> [Exercise] Only the lines from the top of the records below through the line containing "You're going to need" should be printed, exactly and without pictures.

*** Opening Raw data ***

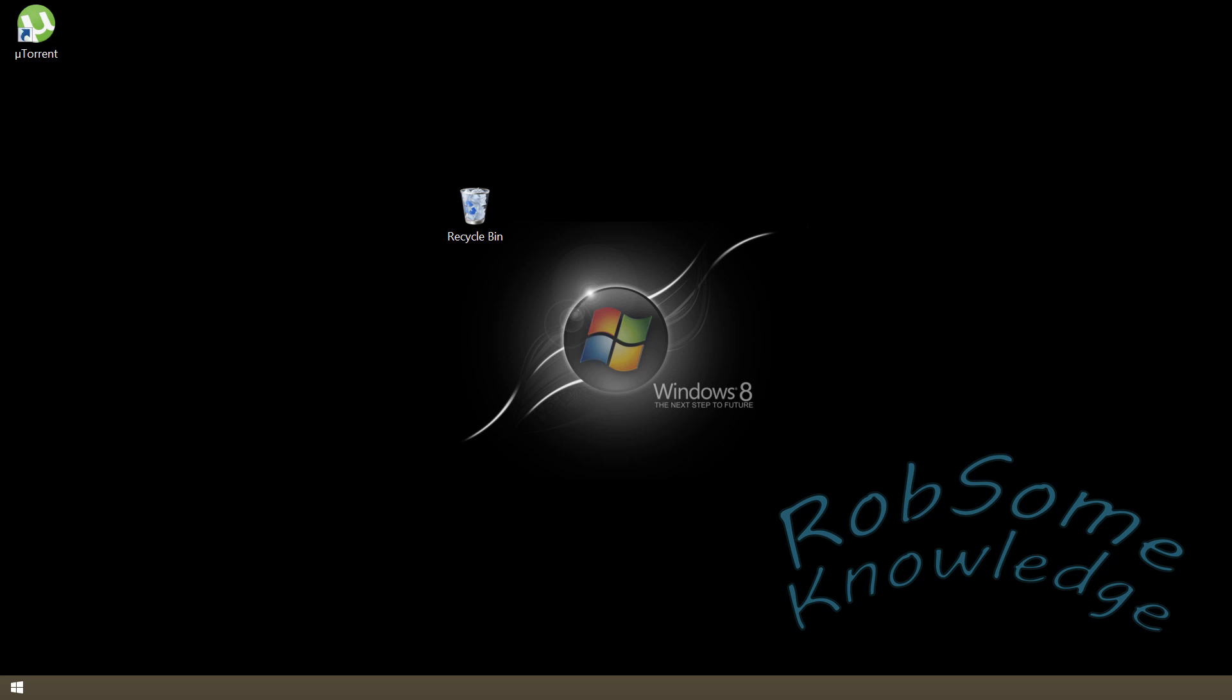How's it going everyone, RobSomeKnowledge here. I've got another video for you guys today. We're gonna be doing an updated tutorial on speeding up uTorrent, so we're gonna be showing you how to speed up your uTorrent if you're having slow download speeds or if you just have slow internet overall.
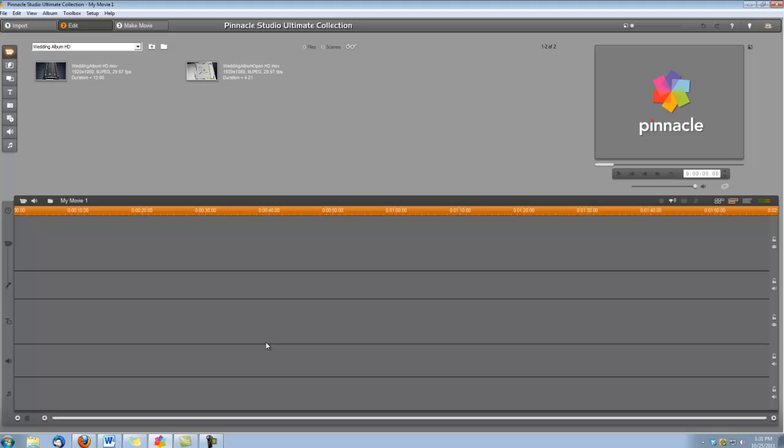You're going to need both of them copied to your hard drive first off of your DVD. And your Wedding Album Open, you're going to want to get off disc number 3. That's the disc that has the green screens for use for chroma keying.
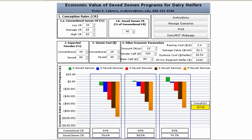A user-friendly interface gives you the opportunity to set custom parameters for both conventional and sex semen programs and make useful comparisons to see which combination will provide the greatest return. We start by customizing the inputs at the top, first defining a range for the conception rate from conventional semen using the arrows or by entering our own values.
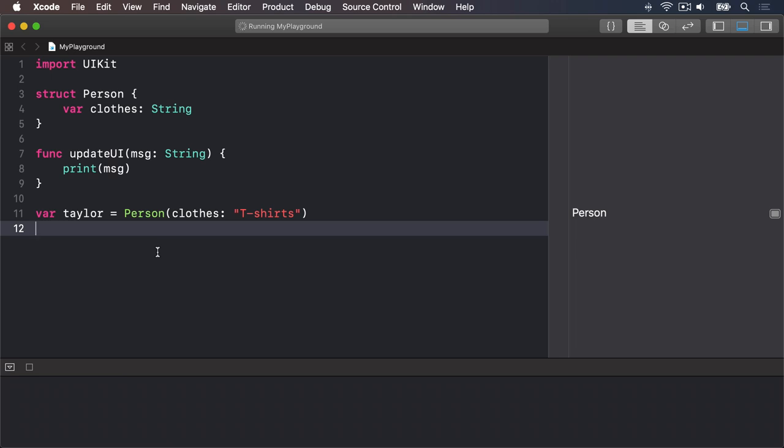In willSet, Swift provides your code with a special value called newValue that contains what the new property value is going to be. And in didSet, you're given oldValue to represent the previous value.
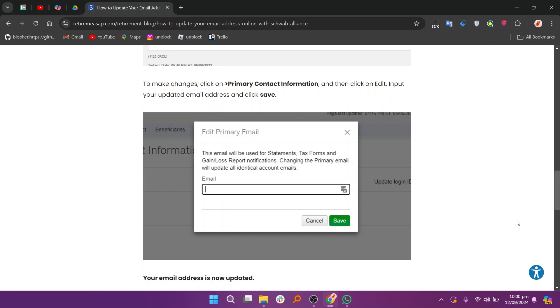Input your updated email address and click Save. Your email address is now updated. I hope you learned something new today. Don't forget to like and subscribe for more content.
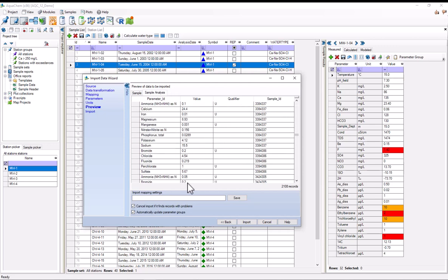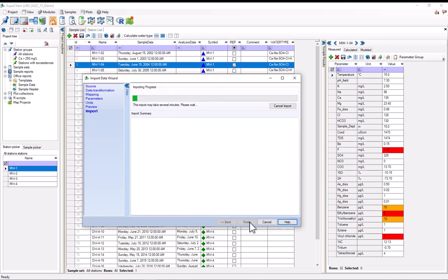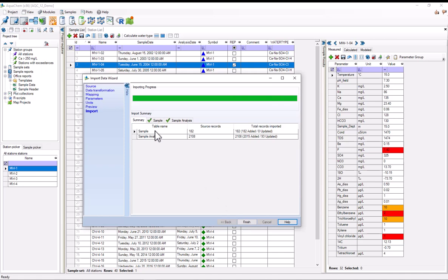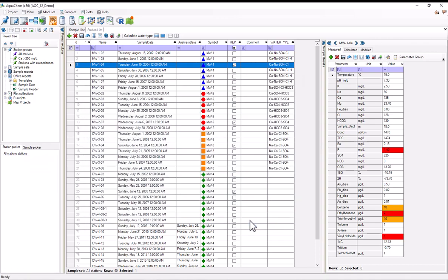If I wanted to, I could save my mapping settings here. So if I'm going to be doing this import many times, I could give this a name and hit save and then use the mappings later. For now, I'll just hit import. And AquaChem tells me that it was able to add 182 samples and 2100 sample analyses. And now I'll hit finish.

*** Closing Raw data ***

> [Result for this exercise]
How's it going everyone, RobSomeKnowledge here. I've got another video for you guys today. We're gonna be doing an updated tutorial on speeding up uTorrent, so we're gonna be showing you how to speed up your uTorrent if you're having slow download speeds or if you just have slow internet overall.
You're going to need both of them copied to your hard drive first off of your DVD. And your Wedding Album Open, you're going to want to get off disc number 3. That's the disc that has the green screens for use for chroma keying.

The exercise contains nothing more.